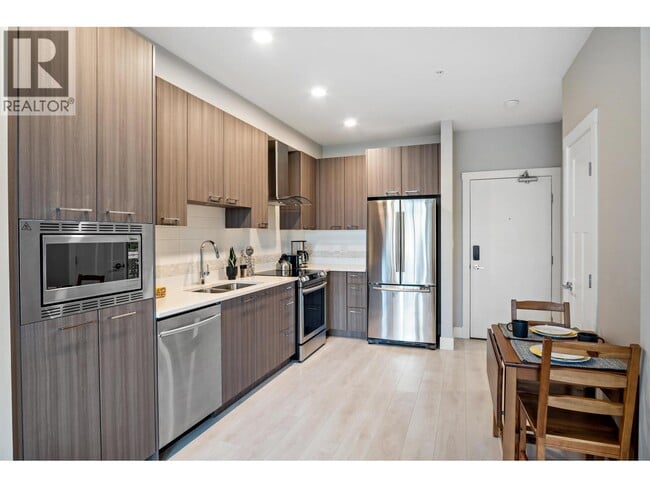 Photo - 4690 Hawk Ln Unité 215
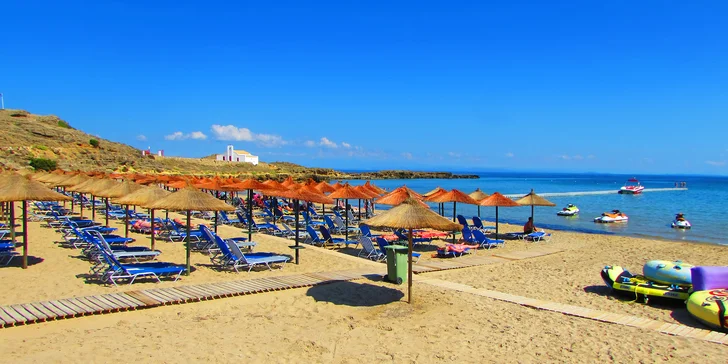 Letecký zájezd na Zakynthos: penzion Christina 100 m od pláže, možnost snídaní i bazénu
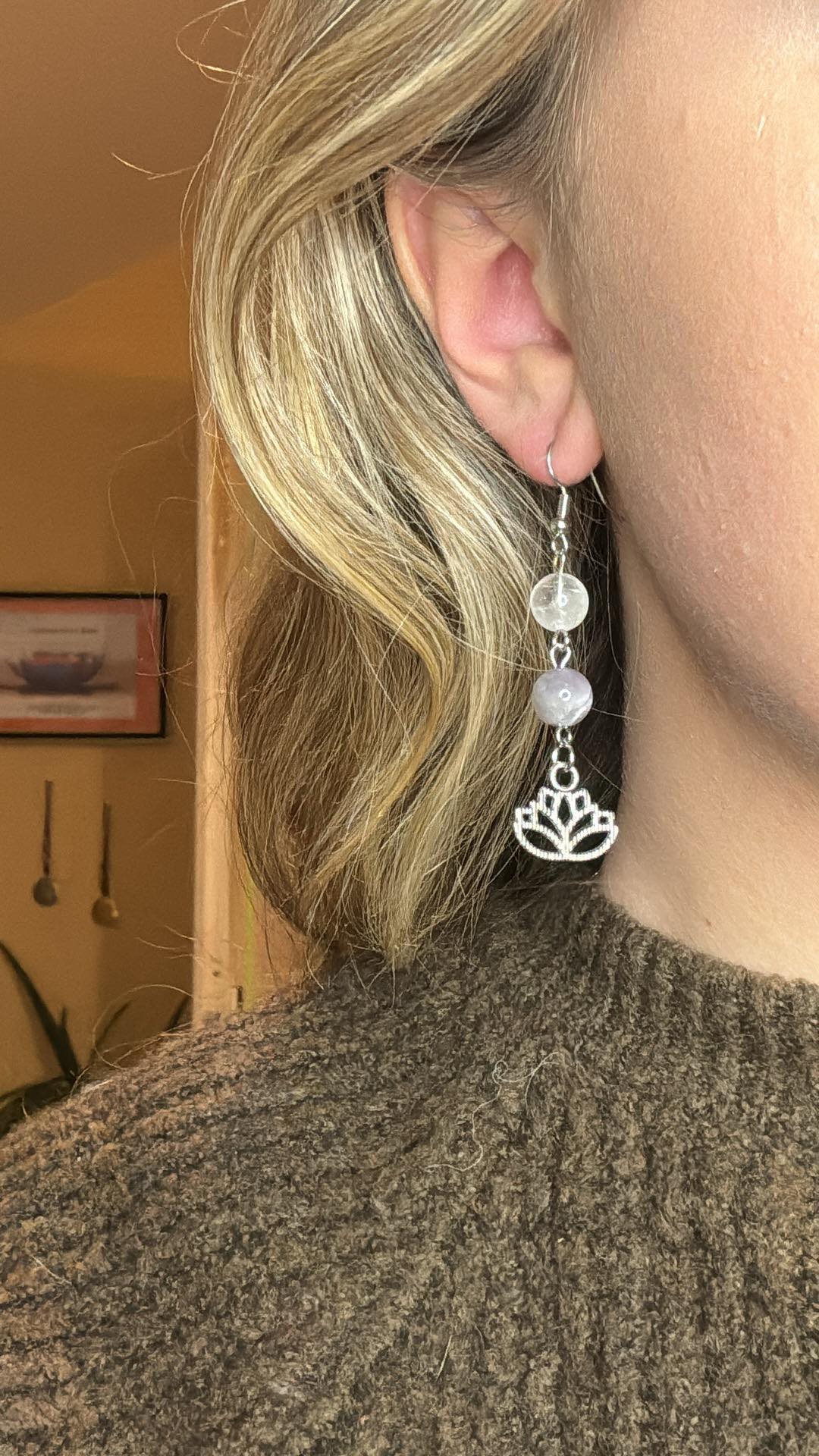 boucles d'oreilles, Améthyste, cristal de roche, fleur de lotus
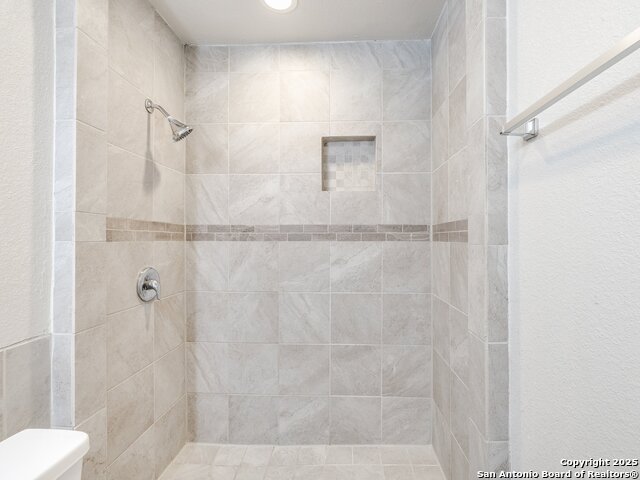 100 Lorenz Rd Property Photo 15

◆ TASK DETAILS ◆
In the copy, include no pictures, but repeat the listing exactly.

◆ RESULT BELOW ◆
 Photo - 4690 Hawk Ln Unité 215
 Letecký zájezd na Zakynthos: penzion Christina 100 m od pláže, možnost snídaní i bazénu
 boucles d'oreilles, Améthyste, cristal de roche, fleur de lotus
 100 Lorenz Rd Property Photo 15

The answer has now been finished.